Toda essa vivência dentro do ambiente da Arqueologia foi uma escolha minha e sempre me empenhei em dar meu melhor, com certeza ser determinado foi algo de definiu muitas coisas, mas igualmente a isto, ser bem recebido e ter pessoas dispostas a compartilhar e ensinar foi fundamental, sem os quais muito provavelmente não teria chegado até este ponto. Neste sentido costumo brincar, que é uma forma de descontrair, mas que é muito sério, aprendi Arqueologia por ‘osmose’ graças as oportunidades que tive, e que eu assumi com responsabilidade, e também por ter apoio de ótimos pesquisadores que muito me ensinaram.

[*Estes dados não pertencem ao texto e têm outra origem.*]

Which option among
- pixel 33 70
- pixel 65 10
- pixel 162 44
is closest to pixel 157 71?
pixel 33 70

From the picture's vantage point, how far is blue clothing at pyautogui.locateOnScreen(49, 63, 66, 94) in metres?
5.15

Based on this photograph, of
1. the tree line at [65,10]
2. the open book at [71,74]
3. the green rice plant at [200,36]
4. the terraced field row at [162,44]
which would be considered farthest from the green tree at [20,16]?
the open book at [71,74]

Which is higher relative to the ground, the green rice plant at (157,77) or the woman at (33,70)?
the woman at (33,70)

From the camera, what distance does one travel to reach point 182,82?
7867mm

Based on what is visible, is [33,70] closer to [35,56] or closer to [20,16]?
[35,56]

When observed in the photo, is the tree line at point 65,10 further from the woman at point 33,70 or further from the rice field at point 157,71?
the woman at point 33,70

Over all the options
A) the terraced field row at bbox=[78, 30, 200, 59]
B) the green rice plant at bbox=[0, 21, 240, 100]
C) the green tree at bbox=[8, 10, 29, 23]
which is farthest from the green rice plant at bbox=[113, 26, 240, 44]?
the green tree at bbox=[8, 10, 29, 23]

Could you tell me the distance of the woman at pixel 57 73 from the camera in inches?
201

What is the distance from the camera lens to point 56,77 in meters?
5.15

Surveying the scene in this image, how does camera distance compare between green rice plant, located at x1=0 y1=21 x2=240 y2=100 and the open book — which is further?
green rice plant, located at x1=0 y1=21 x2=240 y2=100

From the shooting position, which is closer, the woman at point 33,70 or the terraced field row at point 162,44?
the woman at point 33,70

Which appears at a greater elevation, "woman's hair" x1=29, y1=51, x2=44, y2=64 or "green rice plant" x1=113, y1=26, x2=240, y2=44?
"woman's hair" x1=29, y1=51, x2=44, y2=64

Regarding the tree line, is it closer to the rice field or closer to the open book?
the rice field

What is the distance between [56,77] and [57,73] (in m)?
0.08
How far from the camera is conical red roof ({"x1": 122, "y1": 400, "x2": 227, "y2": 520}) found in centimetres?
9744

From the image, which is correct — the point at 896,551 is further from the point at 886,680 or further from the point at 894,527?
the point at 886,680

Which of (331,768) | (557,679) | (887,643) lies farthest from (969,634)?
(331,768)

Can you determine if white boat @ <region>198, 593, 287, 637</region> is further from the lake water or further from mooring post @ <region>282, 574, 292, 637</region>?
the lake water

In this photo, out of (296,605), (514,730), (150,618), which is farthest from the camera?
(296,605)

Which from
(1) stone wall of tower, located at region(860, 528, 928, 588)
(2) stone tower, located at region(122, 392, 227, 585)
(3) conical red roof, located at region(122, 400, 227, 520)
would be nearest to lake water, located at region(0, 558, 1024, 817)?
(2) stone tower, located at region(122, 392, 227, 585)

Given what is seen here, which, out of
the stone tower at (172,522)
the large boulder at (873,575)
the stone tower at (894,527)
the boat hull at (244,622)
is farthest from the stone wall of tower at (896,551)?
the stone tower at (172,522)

Hoje sou Mestre em Biologia, em Diversidade e Manejo da Vida Silvestre, e continuo buscando trazer este conhecimento adquirido formalmente para dentro da Arqueologia, junto a uma importante equipe. Que é formada por pesquisadores, e também por funcionários que auxiliam nas tarefas administrativas dentro da instituição, este trabalho conjunto fazem os resultados renderem bons frutos.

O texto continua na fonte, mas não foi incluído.